Interest on FHLB advances was $728,000 for the three months ended December 31,
1999, compared to $251,000 for the same period in 1998. The increase was a
direct result of the continued increase in total FHLB advances in the Company's
program to match fund 15 year loans and securities with advances.
Provision For Loan Losses. The Company made no provision for loan losses for the
quarter ended December 31, 1999 or for the quarter ended December 31, 1998. [See
- - "Asset Quality"]
Noninterest Income. Noninterest income totaled $60,000 for the three months
ended December 31, 1999, compared to $129,000 for the same period in 1998, a
$69,000 decrease.
The decrease in noninterest income was the result of a decline in gains on sales
of interest earning assets of $64,000 as fewer loans were sold into the
secondary market. The decision to sell fewer loans into the secondary market was
a direct result of the Company's decision, in January 1999, to fund loans,
otherwise sellable into the secondary market, with FHLB advances and place such
loans into portfolio.
Page 17 of 23
<PAGE>
Noninterest Expenses. Noninterest expenses totaled $768.000 for the three months
ended December 31, 1999, compared to $714,000 for the three months ended
December 31, 1998.
The increase in noninterest expense was the result of an $78,000 increase in
compensation and benefits expense from $510,000 for the three months ended
December 31, 1998 to $588,000 for the three months ended December 31, 1999.
Also, there was a $49,000 increase in occupancy and equipment expense from
$73,000 for the three months ended December 31, 1998 to $113,000 for the three
months ended December 31, 1999. The increase in both compensation and benefits
expense and occupancy and equipment expense were the result of additional
compensation for the staffing of a new full-service office opened for business
in April 1999. Additional expenses associated with the funding of the Company's
defined benefit pension plan and additional expenses associated with the
Company's Employee Stock Ownership Plan accounted for a portion of the increase
in compensation and benefits expense. At December 31, 1999 the new location had
approximately $4.4 million in loan.
Provision For Income Taxes. The Company incurred federal income tax expense of
$55,000 or 37.0% of pre-tax income for the three months ended December 31, 1999,
compared to $86,000 or 36.4% of pre-tax income for the three months ended
December 31, 1998.
ASSET QUALITY
At December 31, 1999, the Company's non-performing assets totaled $296,000 or
.19% of total assets, compared to $768,000 or .50% of total assets at September
30, 1999. At December 31, 1999, non-performing assets were comprised of fourteen
(14) loans, the largest of which was $240,000, secured by a single family
dwelling.
Non-performing loans at December 31, 1999 equaled $293,000 or .43% of loans
receivable, compared to $768,000 or 1.14% of loans receivable at September 30,
1999.
Classified assets totaled $776,000 or .49% of total assets at December 31, 1999,
compared to $1.1 million or .71% of total assets at September 30, 1999.

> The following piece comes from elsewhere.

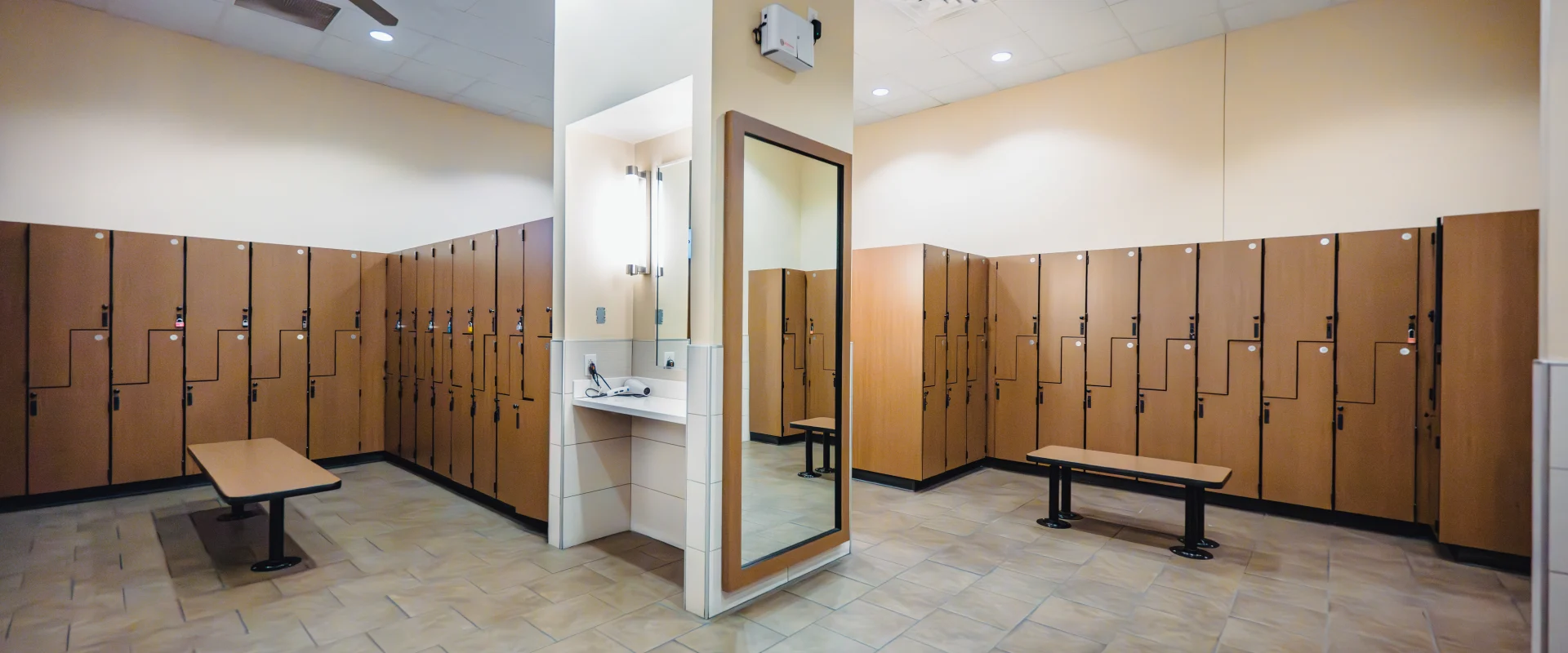 Spacious locker room at Gold's Gym featuring wooden lockers, tiled floors, benches, and a mirror with a vanity area and bright overhead lighting.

Classified assets and non-performing assets differ in that classified assets may
include loans less than ninety (90) days delinquent. Also, assets guaranteed by
government agencies such as the Veterans Administration and the Federal Housing
Administration are not included in classified assets but are included in
non-performing assets. All classified assets at December 31, 1999, were deemed
to be "substandard". No assets were classified "doubtful" or "loss" as of such
date.
The Company's allowance for loan losses totaled $270,084 at December 31, 1999, a
slight increase from the $270,039 at September 30, 1999. The allowance for loan
losses as a percentage of loans receivable equaled .39% at December 31, 1999 and
.40% at September 30, 1999.
LIQUIDITY AND CAPITAL RESOURCES
The Company's principal sources of funds are deposits from customers, advances
from the FHLB, amortization and prepayment of loan principal (including
mortgage-backed securities), maturities of securities, sales of loans and
operations.
The Association uses its liquidity and capital resources principally to meet
ongoing commitments to fund maturing certificates of deposit and loan
commitments, maintain liquidity and pay operating expenses. At December 31,
1999, the Association had outstanding commitments to extend credit on $1.4
million of real estate loans.
Management believes that present levels of liquid assets are sufficient to meet
anticipated future loan commitments as well as deposit withdrawal demands.
Page 18 of 23
<PAGE>
Total stockholders' equity equaled $16.6 million at December 31, 1999, a
decrease of $1.8 million from the $18.4 million reported at September 30, 1999.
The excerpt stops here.